"AI will 3x your development speed" — everyone believed it and adopted it.
So why are project deadlines still slipping?
Everyone believes this
The belief isn't wrong, exactly. In GitHub's Copilot research, developers completed isolated coding tasks — like writing an HTTP server — 55% faster on average. Tasks that took 2 hours 41 minutes without Copilot dropped to 1 hour 11 minutes.
The natural conclusion: "Let's use AI to compress our 70-day project down to 35 days." AI compresses the longest phase in the timeline. Makes sense, right?
But the data points the other way
Google's DORA team published something interesting in 2024. While AI adoption raised individual developer productivity and satisfaction, software delivery stability and throughput actually declined in some cases. Individuals got faster, yet team-level reliability dropped. That's a paradox.
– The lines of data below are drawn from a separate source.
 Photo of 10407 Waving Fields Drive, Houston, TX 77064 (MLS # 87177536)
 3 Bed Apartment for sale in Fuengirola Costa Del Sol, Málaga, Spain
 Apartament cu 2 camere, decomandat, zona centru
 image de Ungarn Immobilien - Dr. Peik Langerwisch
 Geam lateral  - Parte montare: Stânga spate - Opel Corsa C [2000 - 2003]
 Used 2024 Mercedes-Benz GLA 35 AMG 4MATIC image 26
The Theory of Constraints explains it. The core principle: the overall performance of any system is determined by its single slowest step. Speeding up anything that isn't the bottleneck doesn't change total throughput — it just creates a pile of unfinished work before the actual bottleneck.
So here's the real question: "Is 'coding' actually the longest step in your project?"
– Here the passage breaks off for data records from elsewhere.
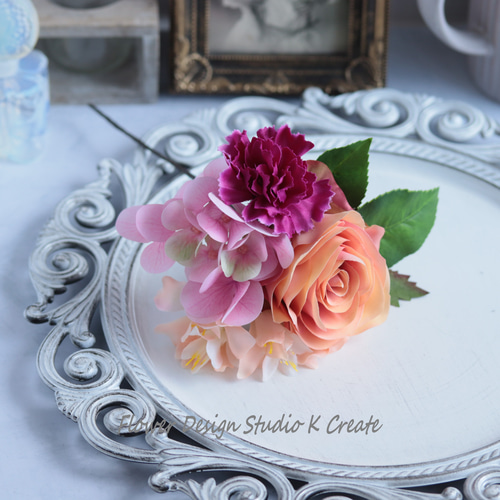 ピーチオレンジの薔薇とカーネーションの花束風のフローレス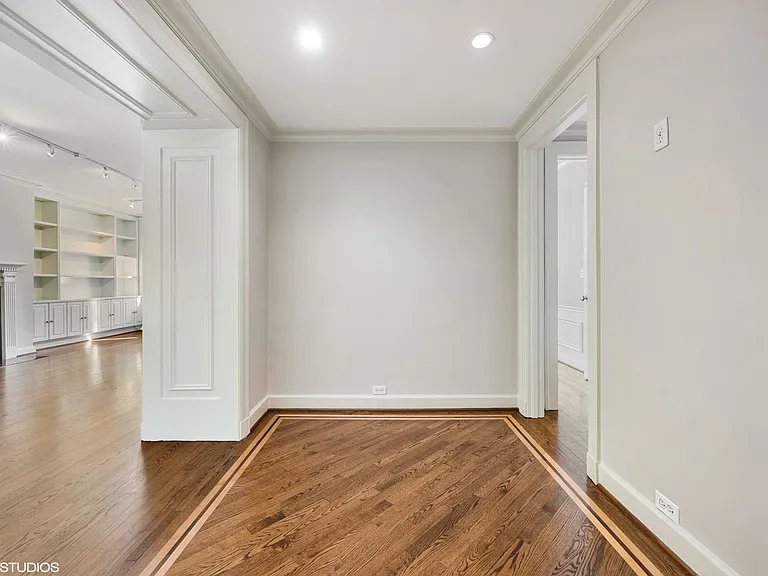3100 N Sheridan Rd #4D — Photo 2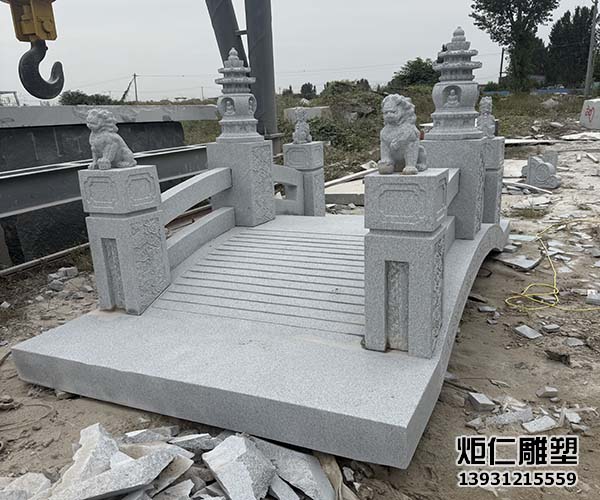 芝麻白佛塔桥(图1) 2.jpg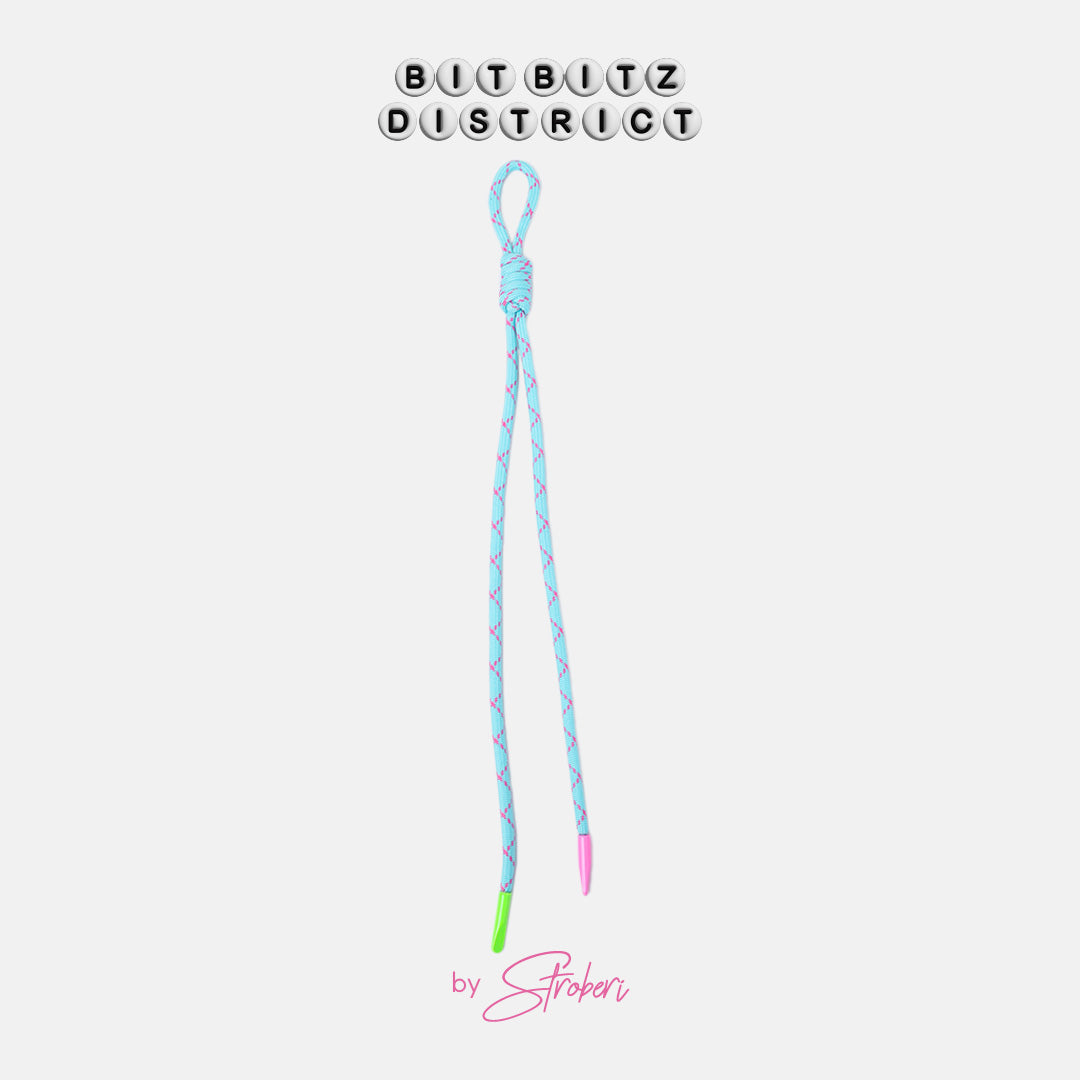 Stroberi Simple Knotted Rope Charm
Misidentifying the bottleneck
Even if AI cuts coding to near-zero, if requirements clarification takes 6 weeks, your project won't finish in under 6 weeks. That's Theory of Constraints in practice.
What Toyota knew all along
There's a principle that cuts right to this problem: "Bottlenecks must receive predictable, high-quality inputs." It runs through Eliyahu Goldratt's "The Goal" and Toyota's production system alike.
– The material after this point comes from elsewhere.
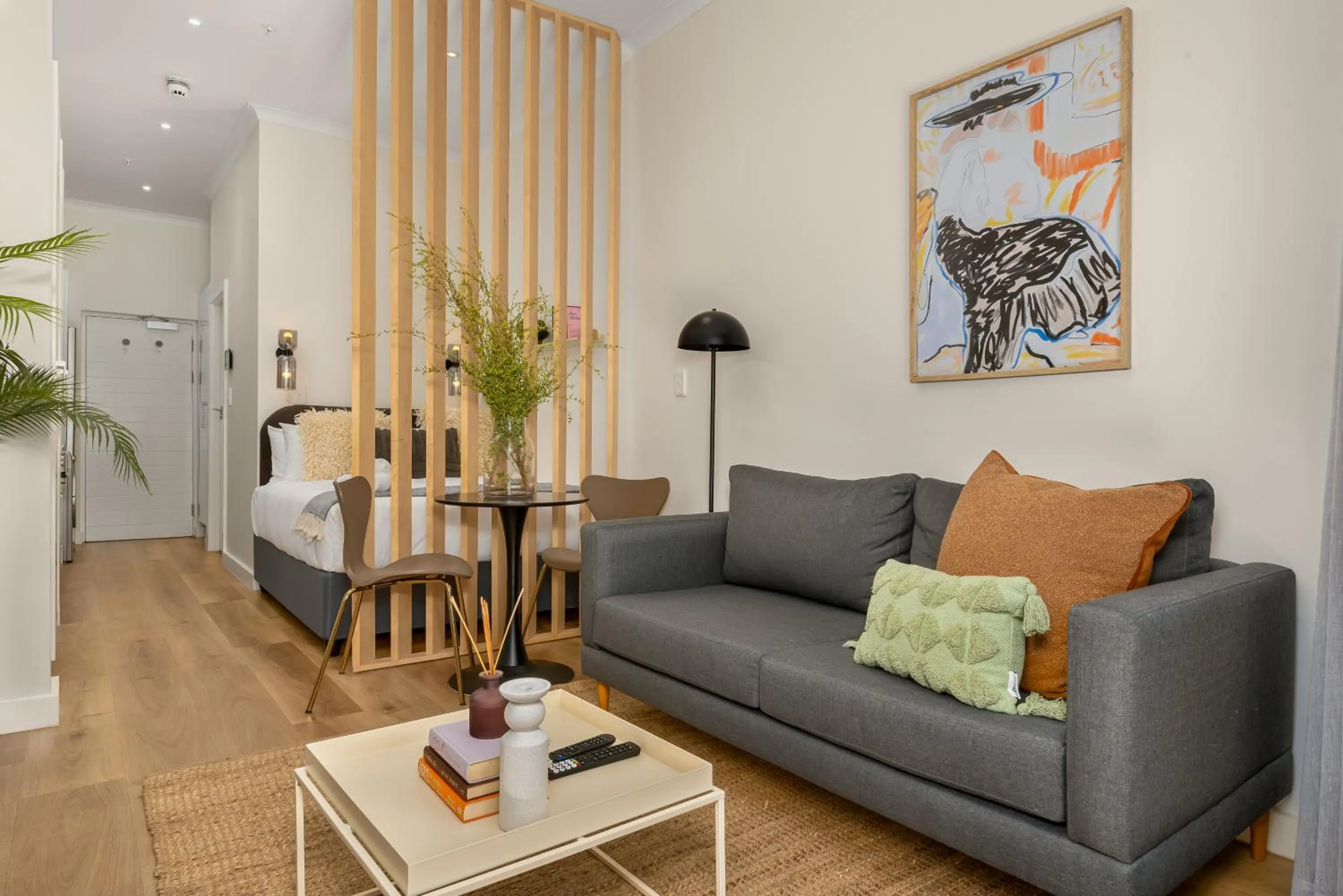 Living room in Newlands Peak Aparthotel by Totalstay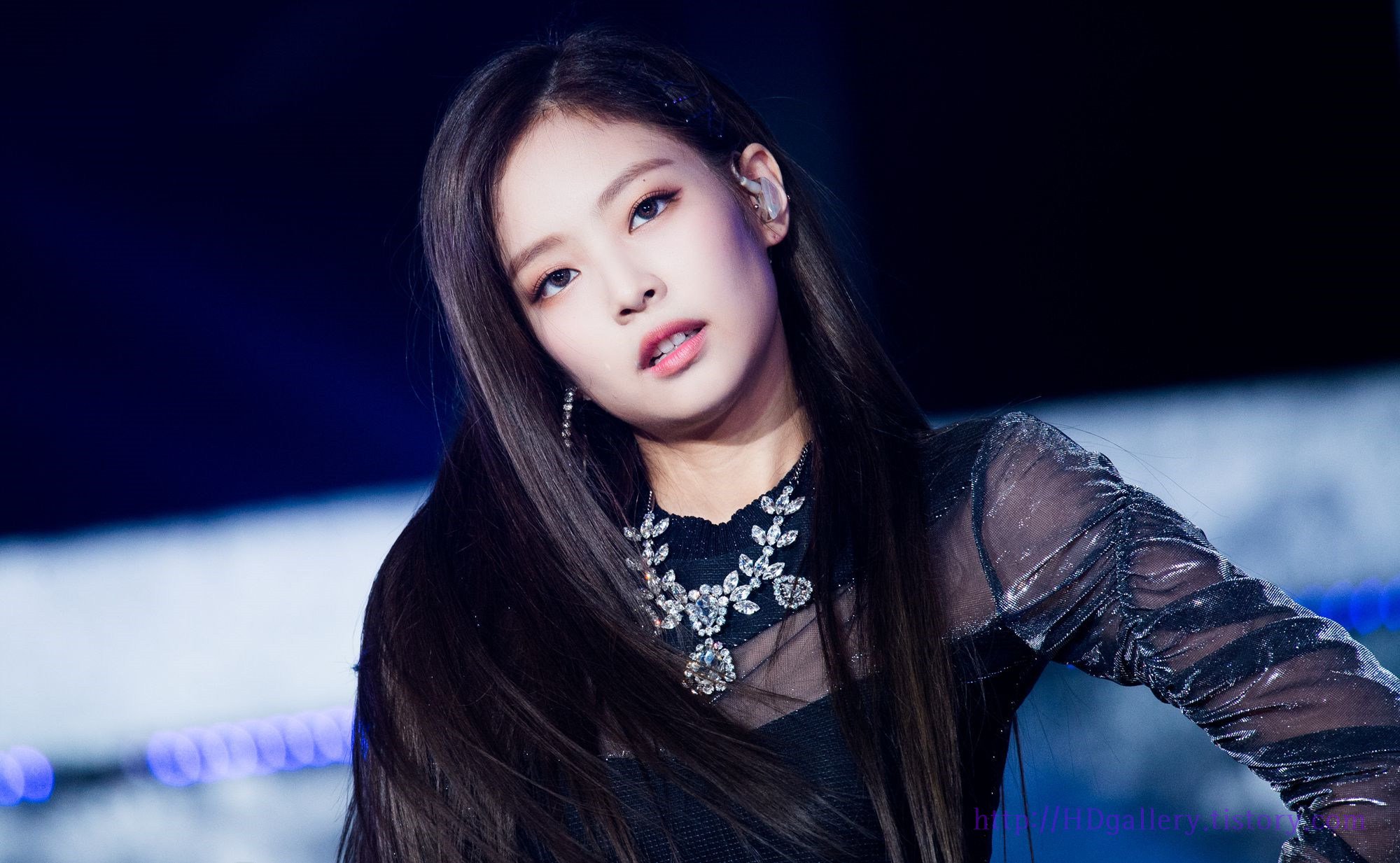 Дженни из Blackpink представляет свою новую коллаборацию с брендом очков  Gentle Monster • HypeTime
Here's a real-world example. A ticket arrives: "Send an email to the user once the sale is completed". Before a single line of code is written, you need answers to:
- What's in the email? Order number? Expected delivery date?
- What counts as "completed"? Payment authorized? Inventory deducted? Shipping started?
- What happens on failure? Retry? Alert someone?
- Is the order still valid if the email doesn't send?
Without these answers, developers — and AI — must guess or stop to ask. That 55% coding speed boost means nothing if you're stuck here.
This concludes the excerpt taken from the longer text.